“Non c’è nessuna prova” che il segno sul seno di Simonetta Cesaroni sia dovuto “ad un morso”, ne’ che tale morso sia “attribuibile” a Raniero Busco. Lo scrive la Cassazione nelle motivazioni della sentenza di proscioglimento dell’ex fidanzato della ragazza, uccisa con trenta coltellate il 7 agosto del 1990. Il delitto avvenne a Roma, in uno stabile di via Poma.
I supremi giudici ricordano che Carella Prada, “l’unico professionista che aveva esaminato il cadavere, non aveva affatto affermato con certezza che quei segni fossero stati prodotti da un morso; ne’ in sede di verbale autoptico, ne’ in sede di escussione dibattimentale”.

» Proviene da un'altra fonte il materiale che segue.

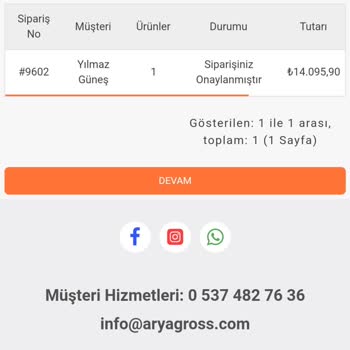 Arya Gross Ürünleri Yollamıyor Ve Ücret İadesini Yapmıyor.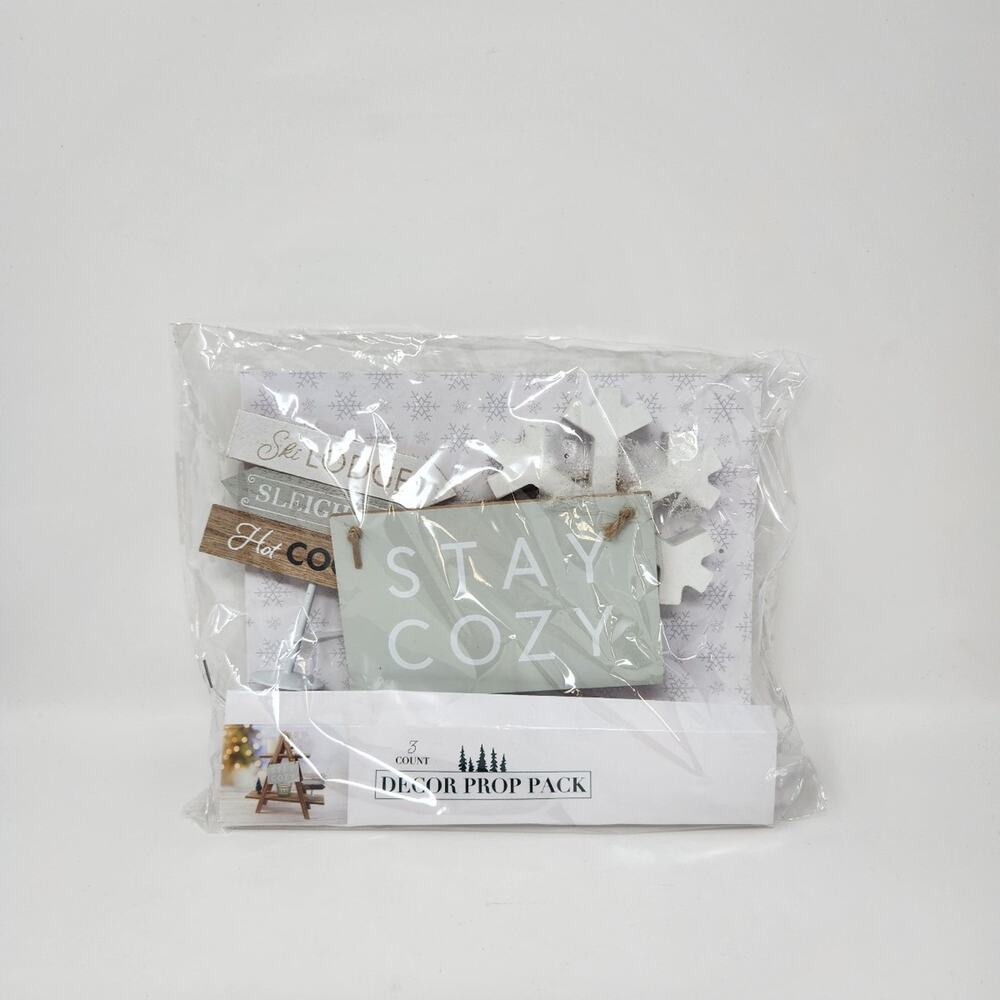Decor Prop Pack - Stay Cozy, Snowflake & Ski Lodge Sign
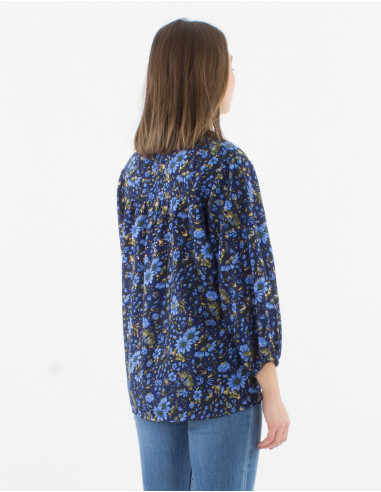 3/4 sleeves polyester blouse with flowers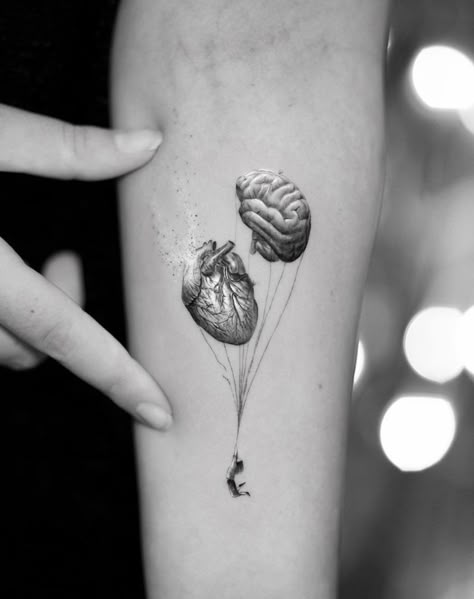 Anatomy Tattoo, Brain Tattoo, Heart And Brain, Surreal Tattoo, Heart Brain, Small Tattoos For Guys, Classy Tattoos, Up Tattoos, Elegant Tattoos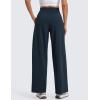 imageCRZ YOGA Stretch Wide Leg Casual Pants for Women 30quot High Waisted Dress Work Water Resistant Travel TrousersTrue Navy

L’attribuibilità dei segni a un morso per la Cassazione è solo “un’ipotesi (non l’unica) e i pareri indicano una compatibilità tra i segni sul corpo della vittima e la dentatura di Busco. Come si vede, si tratta di due passaggi diversi (attribuibilità dei segni a un morso; attribuibilità del morso a Busco) per nessuno dei quali viene espressa una certezza di carattere scientifico”.
Sembra quindi che il delitto sia destinato a rimanere un mistero.